Project

General

Profile

Actions

Bug #4384

closed

Possibility of DoS by repeating long query

Added by Pavel Kácha over 5 years ago. Updated about 4 years ago.

Status:
Closed
Priority:
Normal
Assignee:
Category:
Development - Core
Target version:
Start date:
10/19/2018
Due date:
% Done:

100%

Estimated time:
To be discussed:
No

Description

Long query does not stop when user closes or resubmits the page. This can cause several versions of one or more long queries running in vain. Possibilities:

  1. Limit number of queries for one user.
  2. Run the same query for the same user just once (if identical query arrives from the same user, kill the previous one).
  3. Cache queries, for second identical query don't run the new one, but return results from the first one, when ready.
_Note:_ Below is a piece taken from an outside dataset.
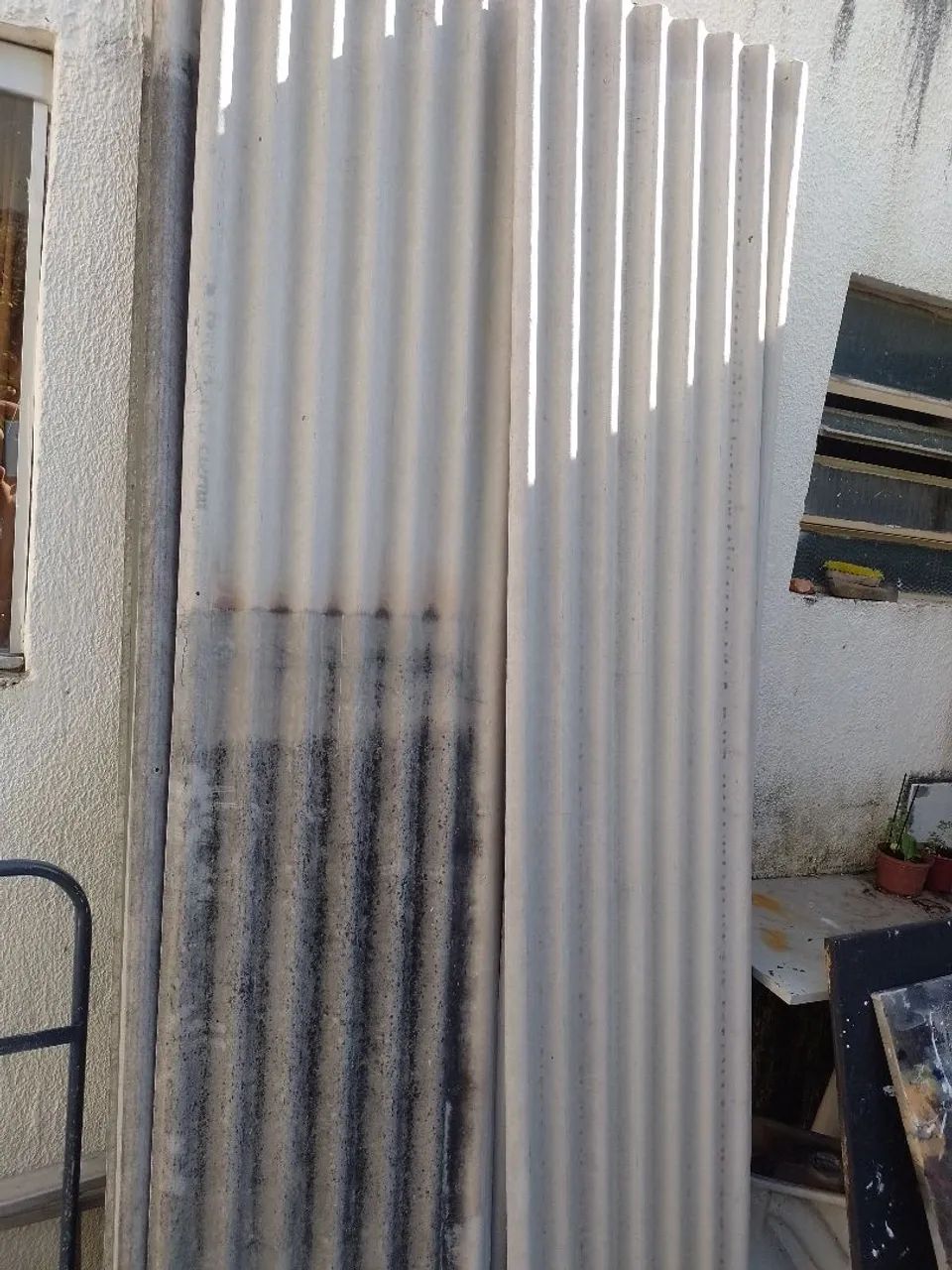 Vende se telhas usadas em bom estado 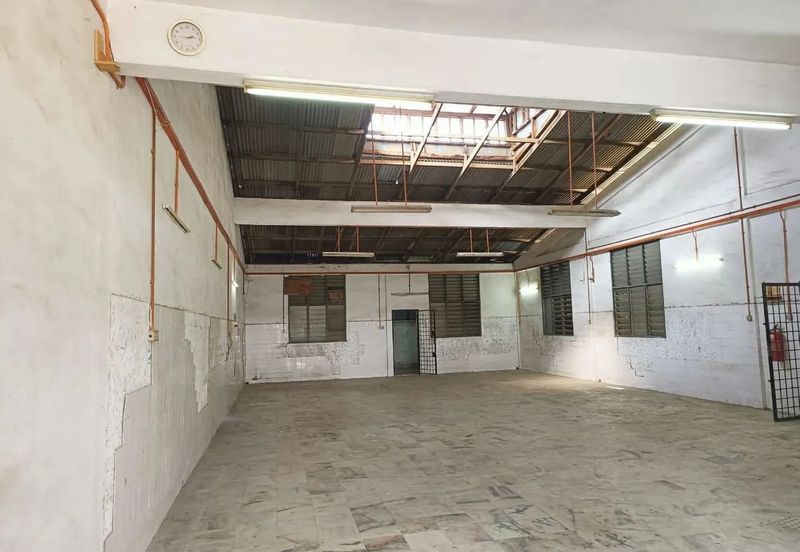 Ipoh pengkalan 1 super big fully covered semi-d factory for rent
1 and 2 might be reasonable to implement by means of named transactions (as we could find previous or "identical" transaction and its owner by name and kill it, or give to the user possibility to choose what to kill).
3 is hard to implement, needs connection pool/caching, own data transfers on result. Probably not worth the hassle.


Related issues

Related to Mentat - Bug #4515: Runaway query?ClosedPavel Kácha01/14/2019

Actions
Related to Mentat - Feature #4609: Arbitrary grouping and sorting in EventsClosedJan Mach01/30/2019

Actions
Related to Mentat - Bug #6191: Implement thread safety in eventstorage service moduleClosedPavel Kácha01/14/2020

Actions
Actions #1

Updated by Pavel Kácha over 5 years ago

  • Assignee changed from Jan Mach to Radko Krkoš

Assigning to Radko for initial exploration.

Actions #2

Updated by Pavel Kácha over 5 years ago

We can also kill the query by JS when associated web page is closed. Something by means of:

window.addEventListener("beforeunload", function(e){
   navigator.sendBeacon("pageclosed?queryid=slimy");
}, false);

Actions #3

Updated by Radko Krkoš over 5 years ago

The named transactions we talked about in telco were only a proposal and are not implemented in PostgreSQL. Sorry for confusion.
A workaround would be using comments for naming, for example like this:

SELECT * FROM events; -- User42

Actions #4

Updated by Radko Krkoš over 5 years ago

  • % Done changed from 0 to 10

Unfortunately, the comments are removed and cannot be seen in pg_stat_activity output.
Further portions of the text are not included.